Desde que llegaron, se pusieron a preparar la manera mejor de destruir. Reunían pequeñas sumas de dinero; alquilaban casas para hacer experimentos; rellenaban de fulmicoton trozos pequeños de cañerías de gas: iban de noche con sus novias y mujeres por los lugares abandonados de la costa a ver cómo volaban los cascos de barco; imprimían libros en que se enseña la manera fácil de hacer en la casa propia los proyectiles de matar: se atraían con sus discursos ardientes la voluntad de los miembros más malignos, adoloridos y obtusos de los gremios de los trabajadores: "pudrían -dice el abogado- como el vómito del buitre, todo aquello a que alcanzaba su sombra".
Aconsejaban los bárbaros remedios imaginados en los países donde los que padecen no tienen palabra ni voto, aquí, donde el más infeliz tiene en la boca la palabra libre que denuncia la maldad, y en la mano el voto que hace la ley que ha de volcarla: al favor de su lengua extranjera, y de las leyes mismas que desatendían ciegamente, llegaron a tener masas de afiliados en las ciudades que emplean mucha gente alemana: en Nueva York, en Milwaukee, en Chicago.
En libros, diarios y juntas adelantaban en organización armada y predicaban una guerra de incendio y de exterminio contra la riqueza y los que la poseen y defienden, contra las leyes y los que las mantienen en vigor. Se les dejaba hablar, aun cuando hay leyes que lo estorban, para que no pudieran prosperar so color de martiriro, ideas de cuna extraña, nacidas de una presión que aquí no existe en la forma violenta y agresiva que del otro lado del mar las ha engendrado.
Prendieron estas ideas lóbregas en los espírutus menos racionales y más dispuestos por su naturaleza a la destrucción; y cuando al fin, como enseña de este fuego subterráneo, saltó encendida por el aire la bomba de Chicago, se vio que la clemencia equivocada había permitido el desarrollo de una cría de asesinos.

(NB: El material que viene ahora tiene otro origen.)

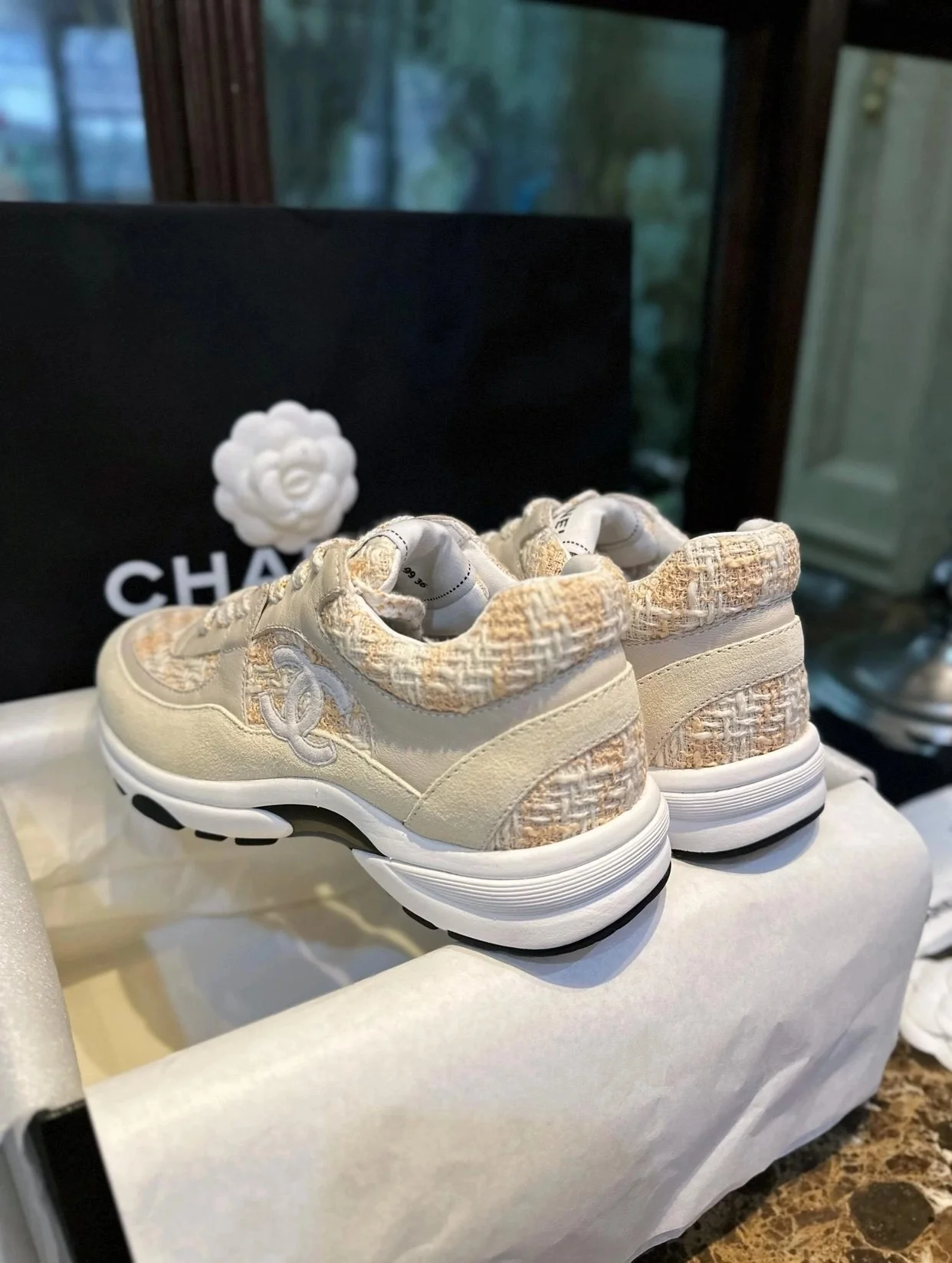 로고 트위드 스니커즈 오렌지 상세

Todo esto se ha probado en el proceso. Ellos que, salvo el norteamericano, tiemblan hoy, pálidos como la cal, de ver cerca la muerte, manejan en calma los instrumentos más alevosos que han sugerido nunca al hombre la justicia o la venganza.
No fue que rechazasen en una hora de ira el ataque violento de la policía armada: fue que, de meses atrás, tenían fábricas de bombas, y andaban con ellas en los bolsillos "en espera del buen momento", y atisbaban el paso a los grupos de huelguistas para enardecerles con sus discursos la sangre, y tenían concertado un alzamiento en que se echasen sobre la ciudad de Chicago a una hora fija las carretadas de bombas ocultas en las casas y escondites donde los mismos, que ayudaron a hacerlas las descubrieron la policía.
No embellece esta vez una idea el crimen.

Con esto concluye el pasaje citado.